Thursday, December 29, 2005

Cursed Diversions

I've barely thought about my HP story at all these last few days. It's amazing how much the combination of writer's block, Christmas, and another good book can pull you away from another story.

I'm still trying to think of a decent way to get the story rolling again. A way for my characters to get an announcement of a gathering out with limited resources & limited mobility. Half of the characters are easy, taking a note from OotP, but the other half that I want around, two in particular, are proving to be pretty damn difficult. There are ways, of course, but I'm trying really hard to not just hand-of-god the thing.

I might have to work Hedwig and/or Pigwidgeon back into the story. That might help a bit.

The biggest two diversions are currently Kingdom Hearts on my DS and Battle Royale by Koushun Takami.

KH, at least, is looking like it has a chance to be a quick game.

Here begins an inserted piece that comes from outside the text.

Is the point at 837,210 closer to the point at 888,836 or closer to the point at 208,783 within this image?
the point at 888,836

As far as I can tell I'm halfway through it already after only three days. That appears to be one of the major limits for GB Advance games is the memory size involved. Plus I'm currently stuck on one boss, which might help in getting me away from it.

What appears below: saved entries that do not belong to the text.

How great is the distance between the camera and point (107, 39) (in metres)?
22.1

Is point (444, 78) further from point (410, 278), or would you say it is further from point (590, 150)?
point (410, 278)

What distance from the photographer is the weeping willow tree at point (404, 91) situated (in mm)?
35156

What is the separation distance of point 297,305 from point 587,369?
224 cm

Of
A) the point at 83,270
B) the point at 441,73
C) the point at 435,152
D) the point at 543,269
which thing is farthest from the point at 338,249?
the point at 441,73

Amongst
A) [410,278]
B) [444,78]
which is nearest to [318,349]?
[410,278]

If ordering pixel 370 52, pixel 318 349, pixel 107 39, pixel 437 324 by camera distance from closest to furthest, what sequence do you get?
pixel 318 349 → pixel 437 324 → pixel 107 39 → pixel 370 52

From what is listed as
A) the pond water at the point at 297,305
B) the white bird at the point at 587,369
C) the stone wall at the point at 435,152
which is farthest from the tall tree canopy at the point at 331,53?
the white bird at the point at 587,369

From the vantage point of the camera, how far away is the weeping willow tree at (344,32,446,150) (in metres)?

I'm also almost halfway through BR. Like I stated in a previous entry, it's a translation of a popular Japanese novel. It's intense, it's violent, it may be politically incorrect to a lot of people, but it's also gotten me hook, line, and sinker.

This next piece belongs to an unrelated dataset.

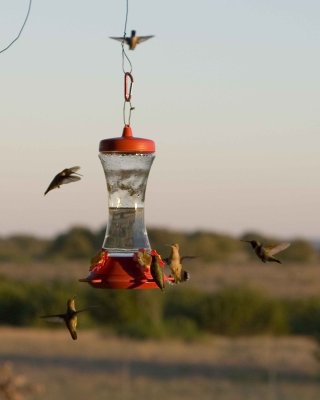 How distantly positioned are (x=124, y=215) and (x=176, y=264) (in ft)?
2.49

Part Lord of the Flies, part Running Man, part Long Walk, the basic plot revolves around a fascist society in 1997 Japan (although I haven't figured out the publication of the original Japanese novel, the pop culture references place it as a 1980's release). One aspect of the regime's control is, for no reason anyone in the story can figure out so far, is to take a group of 15-year-old students and throw them into an isolated area. There they are forced into a "battle royale", forced to kill each other until only one survives.

Again, like I said, the subject matter is politically incorrect, to say the least. It was an incredibly controversial novel in Japan, made into an equally controversial movie. But the way it's written, the way the story is laid out, has drawn me in more than I thought it would.

The main thing that gets me about it is the spreading of narration. Shuya Nanahara is the main character, for sure, but so far only about half of the chapters have focused on him. Koushun makes a strong effort to give many characters a voice in the story, where we can see their backgrounds, their motivations, and their relationships with each other.

The first few times he did this, it seemed like he was just going to different characters to show their death scenes, but this is far from reality as I get deeper into the novel. He's put us into the heads of at least a dozen different characters so far, allowing us to make an emotional attachment to many of them. I know I was upset to see many of the characters die, even ones who only had a chapter to themselves, and am rooting for the downfall of others. To have a feel for secondary characters like that is the mark of a good book.

If you can handle a little blood and gore, this is a damn good book.